Ottawa (Ontario), le 22 septembre 1999.

En présence de M. le juge Pelletier

ENTRE :



LEUNG SAI YIU,


demandeur,


et


LE MINISTRE DE LA CITOYENNETÉ ET DE L"IMMIGRATION,


défendeur.



MOTIFS D"ORDONNANCE ET ORDONNANCE


[1]      Monsieur Leung est arrivé au Canada le 23 mai 1989 en tant qu"immigrant ayant obtenu le droit de s"établir et en tant qu"entrepreneur. Il était accompagné de son épouse et de leurs deux enfants. Il a acheté une maison dans les basses terres continentales de la Colombie-Britannique, où la famille s"est installée.

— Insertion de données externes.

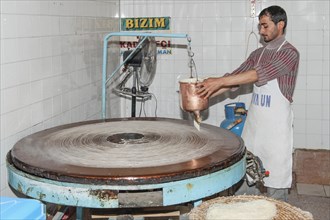 Artisan pouring a continuous stream of highly-fluid dough on a hot plate to prepare the Tel Kadayif or Angels hair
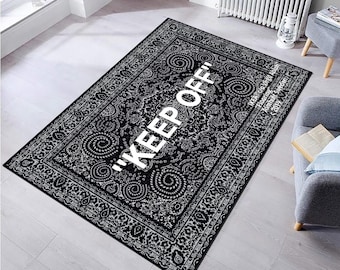 May include: Black and white patterned rug with a white "KEEP OFF!" text in the center. The rug has a traditional paisley design.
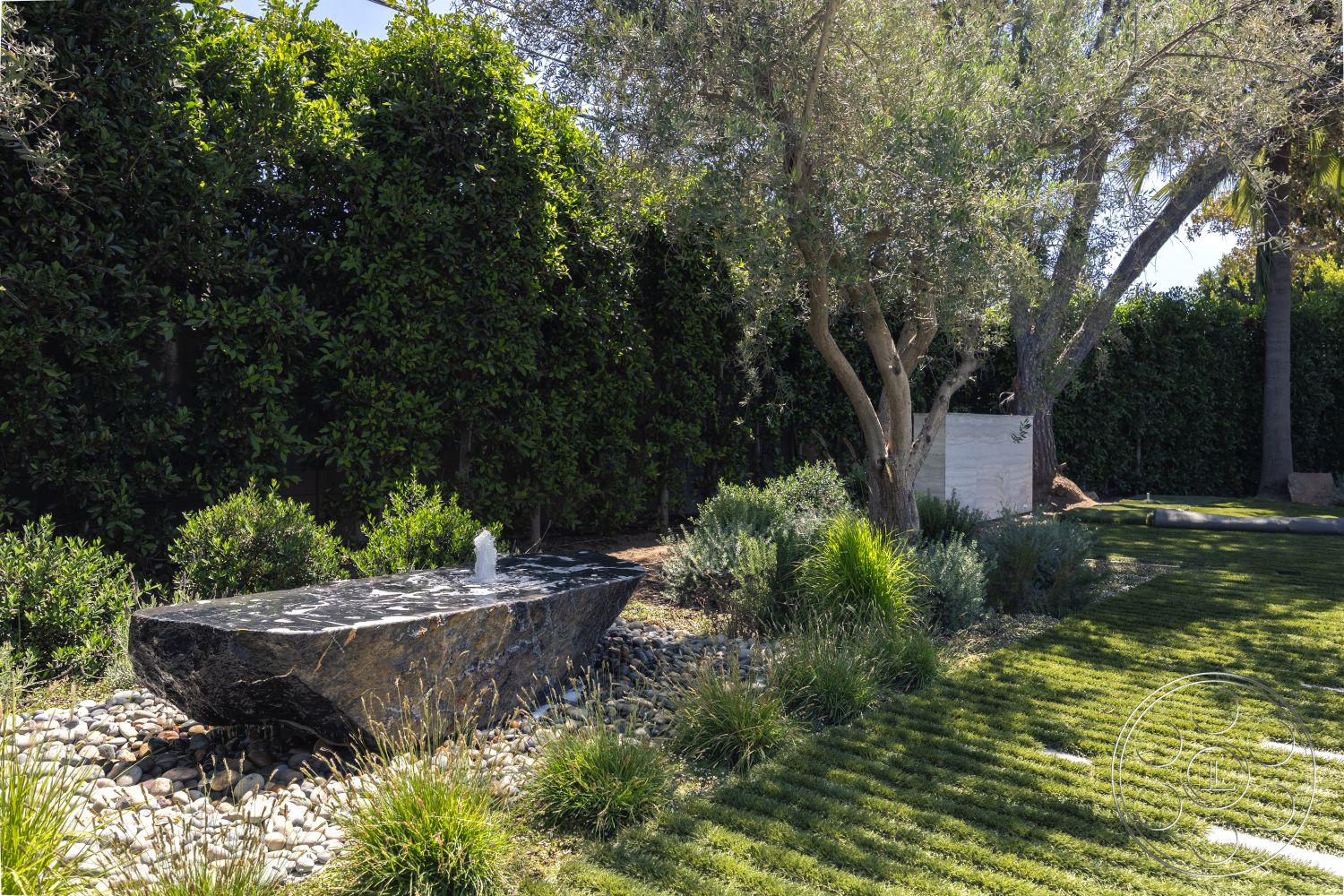 Modern 510 - fountain, low-maintenance xeriscaping, landscaped garden with native plants, exterior water fountain feature, natural stone fountain base, polished granite fountain top, gravel pathway edging, lush greenery with ornamental grasses, olive tree shading the area, concrete wall privacy screen, textured natural stone accents, stone boulder garden feature, manual irrigation system for landscaping, outdoor zen garden style, sunny backyard relaxation area, modern minimalist landscape design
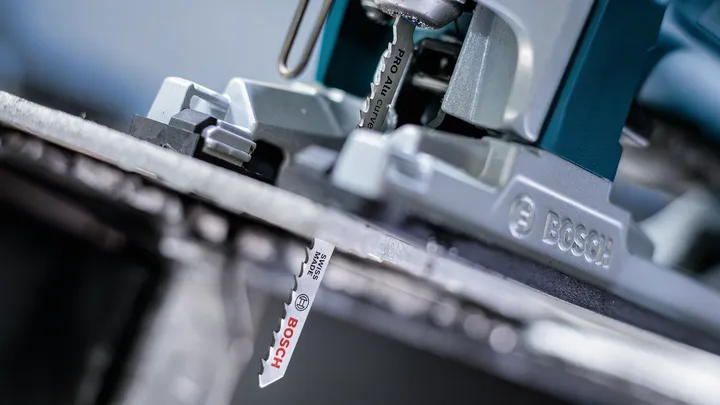 Close-up of a jigsaw blade cutting through a metal sheet.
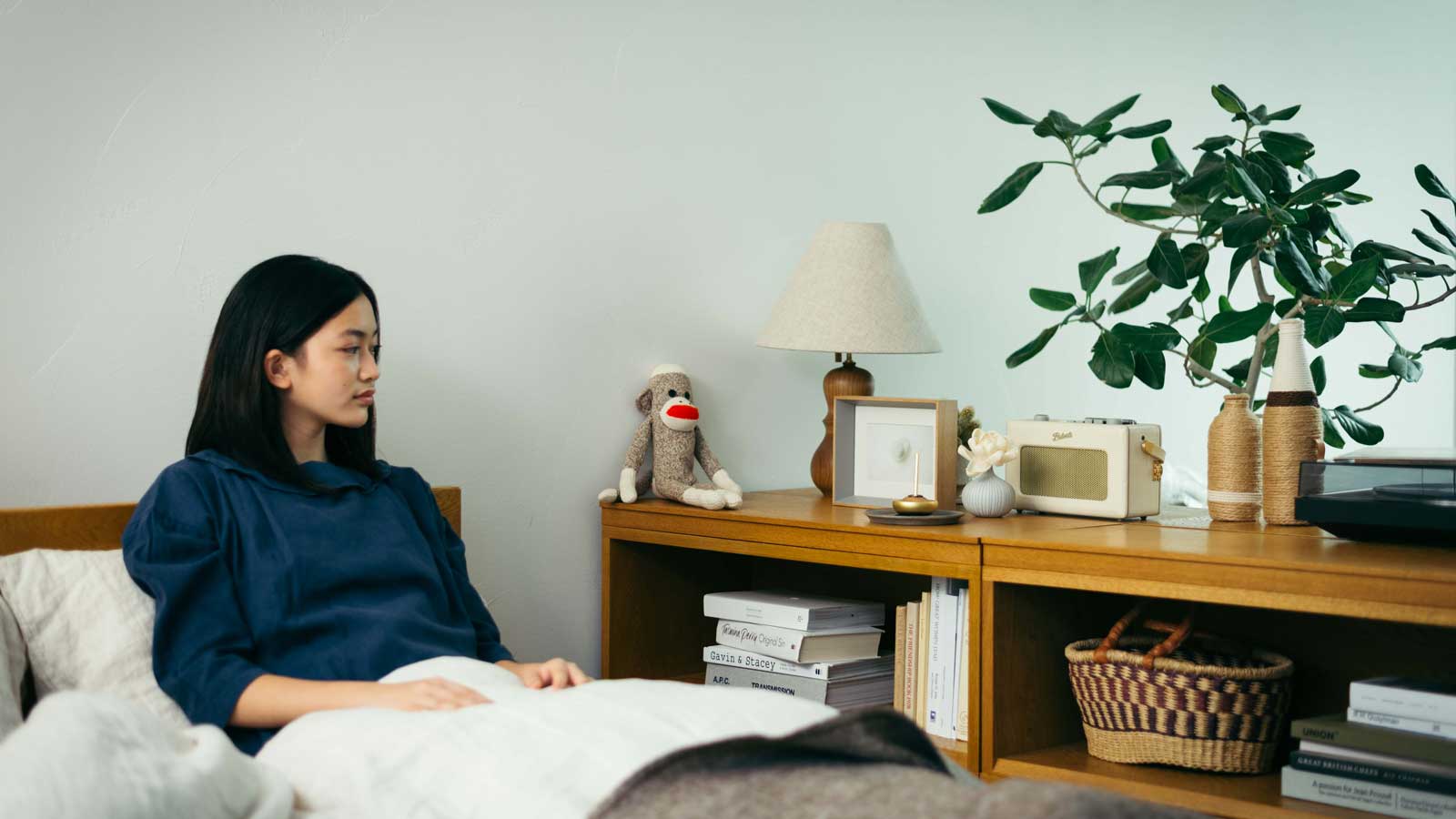 棚に飾った写真立てを見つめる女性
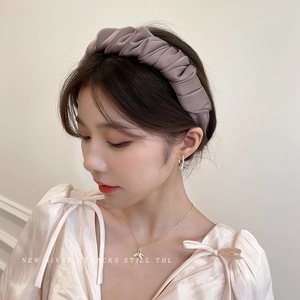 Elegant wide pleated hairband in dusty pink satin on model with necklace and pearl earrings
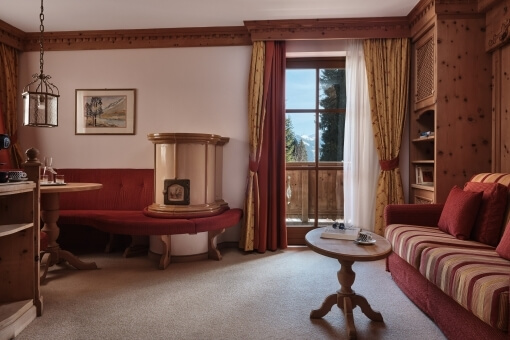 Cozy room with red and gold decor, featuring a red couch, artwork, and a large window with matching curtains.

Il a ouvert un restaurant qui employait six personnes; par conséquent, il remplissait les conditions en vigueur pour être admis dans le cadre du programme s"adressant aux entrepreneurs. Il a demandé et obtenu tous les indices habituels de la résidence, un numéro d"assurance sociale , une carte de santé, un permis de conduire. Il a ouvert un compte bancaire et a constitué une hypothèque sur sa maison en vue de la payer, démontrant ainsi qu"il comprenait le mode de vie canadien traditionnel.

[2]      Le 1er septembre 1994, il a été embauché à titre de directeur des ventes par Precision Fashion Manufacturing. Il a également fondé sa propre entreprise, Richmond Brothers Enterprises (Canada) Ltd. Ces deux entreprises faisaient des affaires à Hong Kong et ailleurs en Extrême-Orient, de sorte que M. Leung s"absentait du pays pour de longues périodes. À Hong Kong, l"appelant occupait une chambre de l"appartement de son frère. En février 1997, il a acheté une deuxième maison, à Woodbridge (Ontario), pour des raisons d"affaires. Il n"a aucune demeure à l"extérieur du Canada.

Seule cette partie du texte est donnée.